**WORK INSTRUCTIONS:** Can you restate the lines of the entries below, word for word, from the first one through the line that includes "OG Anunoby blocks"?

[Stored dataset items]
- Opening Delimiter -
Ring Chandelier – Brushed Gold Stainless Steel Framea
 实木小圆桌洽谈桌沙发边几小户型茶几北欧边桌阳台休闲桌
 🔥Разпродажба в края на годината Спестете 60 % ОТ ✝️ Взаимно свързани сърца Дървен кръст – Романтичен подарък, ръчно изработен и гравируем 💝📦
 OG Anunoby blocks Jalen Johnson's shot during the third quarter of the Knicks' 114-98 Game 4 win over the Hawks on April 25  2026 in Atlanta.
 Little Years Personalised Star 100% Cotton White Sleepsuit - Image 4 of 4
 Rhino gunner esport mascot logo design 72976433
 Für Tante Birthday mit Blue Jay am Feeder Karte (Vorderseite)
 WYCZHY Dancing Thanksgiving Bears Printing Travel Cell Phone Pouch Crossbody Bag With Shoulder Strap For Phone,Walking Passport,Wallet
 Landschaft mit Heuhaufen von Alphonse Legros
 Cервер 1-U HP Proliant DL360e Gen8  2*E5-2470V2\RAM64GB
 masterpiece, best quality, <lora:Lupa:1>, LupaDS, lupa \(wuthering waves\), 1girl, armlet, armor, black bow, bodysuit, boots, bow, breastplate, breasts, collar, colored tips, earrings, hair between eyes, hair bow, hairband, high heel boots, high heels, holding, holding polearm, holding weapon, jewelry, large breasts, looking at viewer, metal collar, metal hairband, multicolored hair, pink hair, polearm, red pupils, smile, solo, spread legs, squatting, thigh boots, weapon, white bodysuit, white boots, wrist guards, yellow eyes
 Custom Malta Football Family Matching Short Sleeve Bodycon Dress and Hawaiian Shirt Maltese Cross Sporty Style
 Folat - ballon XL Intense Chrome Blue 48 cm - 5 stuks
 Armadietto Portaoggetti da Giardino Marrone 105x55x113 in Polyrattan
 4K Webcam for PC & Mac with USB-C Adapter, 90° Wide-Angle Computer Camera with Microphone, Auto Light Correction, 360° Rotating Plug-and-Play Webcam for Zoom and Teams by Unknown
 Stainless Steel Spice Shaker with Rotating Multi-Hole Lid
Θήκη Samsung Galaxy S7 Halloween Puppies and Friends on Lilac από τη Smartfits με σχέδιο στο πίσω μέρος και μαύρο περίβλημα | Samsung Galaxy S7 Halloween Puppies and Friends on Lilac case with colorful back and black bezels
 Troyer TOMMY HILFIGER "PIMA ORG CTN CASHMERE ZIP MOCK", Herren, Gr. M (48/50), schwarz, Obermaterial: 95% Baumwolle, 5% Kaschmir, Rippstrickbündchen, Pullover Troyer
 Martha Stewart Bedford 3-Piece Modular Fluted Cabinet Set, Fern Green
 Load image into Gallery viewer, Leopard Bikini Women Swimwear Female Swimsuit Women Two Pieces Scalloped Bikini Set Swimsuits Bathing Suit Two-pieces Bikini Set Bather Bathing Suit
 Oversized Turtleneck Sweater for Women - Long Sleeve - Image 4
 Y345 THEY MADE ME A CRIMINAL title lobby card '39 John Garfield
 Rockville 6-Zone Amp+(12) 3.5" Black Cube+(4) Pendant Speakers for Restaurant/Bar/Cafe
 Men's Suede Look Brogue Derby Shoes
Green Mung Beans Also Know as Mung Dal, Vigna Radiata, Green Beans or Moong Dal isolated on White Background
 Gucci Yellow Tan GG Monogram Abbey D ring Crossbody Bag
- Closing Delimiter -
**EXERCISE ANSWER:**
Ring Chandelier – Brushed Gold Stainless Steel Framea
 实木小圆桌洽谈桌沙发边几小户型茶几北欧边桌阳台休闲桌
 🔥Разпродажба в края на годината Спестете 60 % ОТ ✝️ Взаимно свързани сърца Дървен кръст – Романтичен подарък, ръчно изработен и гравируем 💝📦
 OG Anunoby blocks Jalen Johnson's shot during the third quarter of the Knicks' 114-98 Game 4 win over the Hawks on April 25  2026 in Atlanta.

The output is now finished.